After driving Loretta home, from saving her and her now boyfriend, Derek, from Hot Rod Rodney Dunham, Raylan lets it be known that he doesn’t take kindly to be played like that. Loretta showing up about how her boyfriend was missing, forced to find their buried treasure by associates of Dunham, was all a play for Raylan to fix everything for her. She counters that she never played him; he would have saved the day as soon as she told him Derek was in danger. It’s a funny reaction for Raylan to have, fighting his stoic heroic nature. Maybe he doesn’t like the fact that his actions helped the less than noble residents of Harlan County. Still “The Kids Aren’t All Right” is a nice reminder that while Raylan Givens is a terrible asshole to friend and foe alike, he’s still a real good guy at heart and will save the day because that’s what cowboys do.
Brining Lorretta back into the fold was a nice way for the show to begin dealing with Raylan and his roll as a parent beyond ham fisted Skype calls. He relays a story of a con his Father Arlo was running at one point where he would send mining equipment down south in exchange for cocaine. Arlo was not there as a father even though he was present and when he was it meant trouble. With a childhood like that, it’s understandable that Raylan would try to be an absentee father. Even if he isn’t slinging dope or some other illegal activity, his presence would still just bring trouble. Imagining Olyphant shrugging with a quip about how “that’s my cross to bear” is entirely reasonable and something the season explores further.
Raylan might be a good person at heart, but he isn’t above pulling a Batman “I don’t have to kill you” either. Plenty of times throughout the series run, he’s given people the chance to not be shot or an out to their situation but in the end always kills them since they never take it. It’s kind of a sick game of SAW really. His chances at redemption have led to some less than proper associations, mainly Sammy Tonin. He called for Raylan while he was down in Florida, right before he died. It’s the kind of association that is pushing Art to look into things like Nicky Augistines death once again. Raylan may have given him a chance to get out and he didn’t pull the trigger but he certainly lined him up for the firing squad. With the show ending with Season 6 (the next one), this is the kind of endgame ground that should be covered. Raylan isn’t Vic Mackey by any means but he certainly isn’t an angel.

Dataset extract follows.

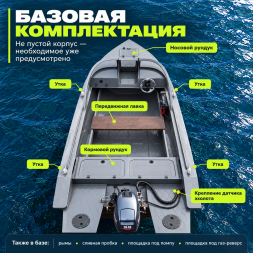 Лодка ПНД Парус 400 J с консолью, 4 м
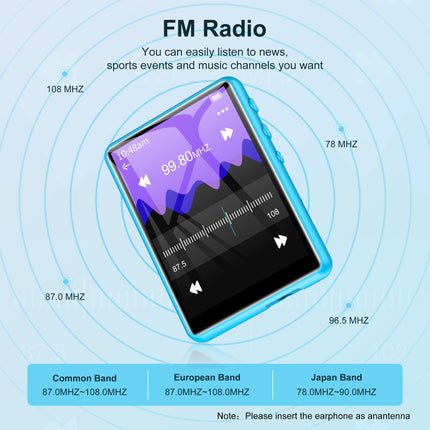 SWOFY 64GB MP3-mängija Bluetooth 5.3, 2.4-tolline puutetundlik mini MP3 MP4-mängija kaasaskantav, HiFi muusikapleier lastele kõlariga FM-raadio, toetab kuni 128 GB (sinine)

Whereas Raylan is trying to properly shirk his parental responsibilities, Boyd Crowder is doing his best to keep the figment of his alive. That light is getting dimmer and dimmer. It turns out Boyd did not kill Lee Paxton in his fit of rage, just bludgeon him into a coma. This act turns Paxtons Latvian trophy wife, Mara (Karolina Wydra) into a much bigger player. Toying with Boyd’s quest for the American Dream has always been fertile ground, right now it feels like cheap plotty melodrama.
Mara doses a lot this episode, embarrassing Paxton’s dirty lieutenant and blackmailing Boyd for $300,000. But she Karolina Wydra continually plays the silent wife as unconfident and kind of meak. She goes from being a femme fatale with a e-cigarette in once scene too totally at the mercy of said embarrassed cop in the next. With the later scene never indicating she plans to blackmail or threaten him either. By the end of the episode, Paxton is awake once again so dose any of this really matter?Justified using an amnesia plot could be mildly entertaining.
Bits At The End
· It’s always nice to see Wood Harris pop up. Sadly he won’t be doing that for awhile.
· While it’s a bummer that Justified will be ending next year, it’s a good call. If this and season 6 continue to be of quality, Justifiedmight go down as one of the most consistently entertaining shows in the past 15 years.